> **EXERCISE DESCRIPTION**
The answer must reproduce the listing exactly, with every picture left out.

> **DATA SEGMENT**
◇ ◇ ◇ ◇

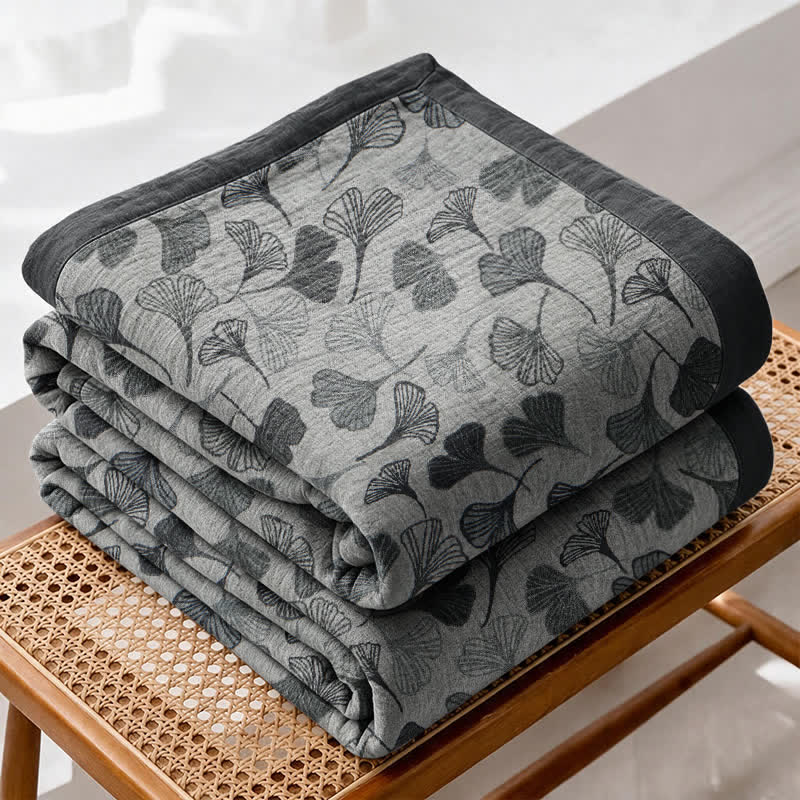 Grey‑Black Ginkgo Leaf Cotton Blanket - image 1
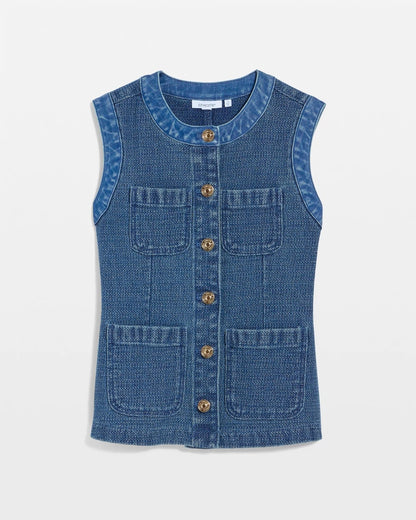 Chico's Tweed Mixed Denim Vest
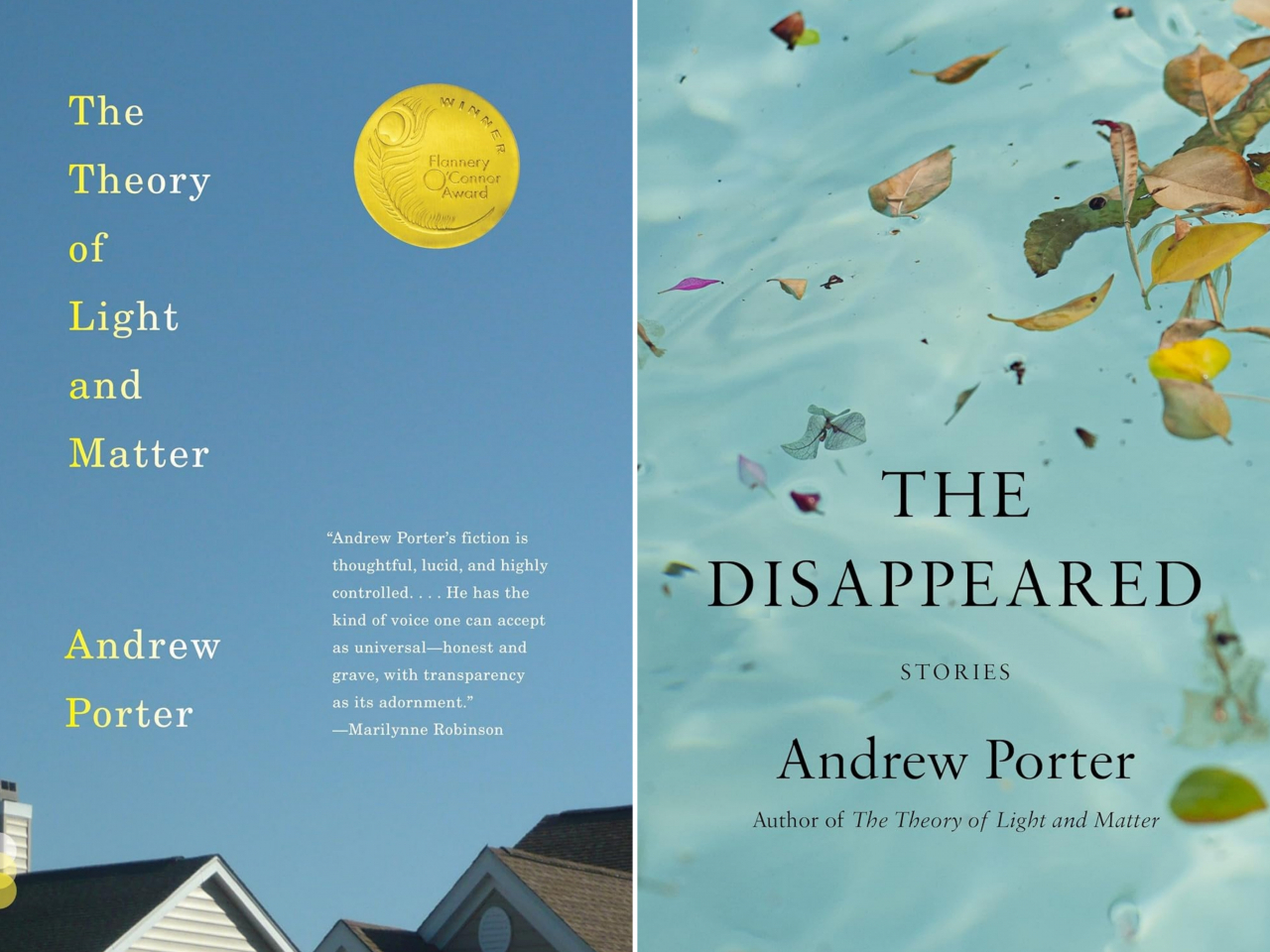 “The Theory of Light and Matter” (left) and “The Disappeared” by Andrew Porter (Vintage, Knopf)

◇ ◇ ◇ ◇

> **TASK RESULT**
 Grey‑Black Ginkgo Leaf Cotton Blanket - image 1
 Chico's Tweed Mixed Denim Vest
 “The Theory of Light and Matter” (left) and “The Disappeared” by Andrew Porter (Vintage, Knopf)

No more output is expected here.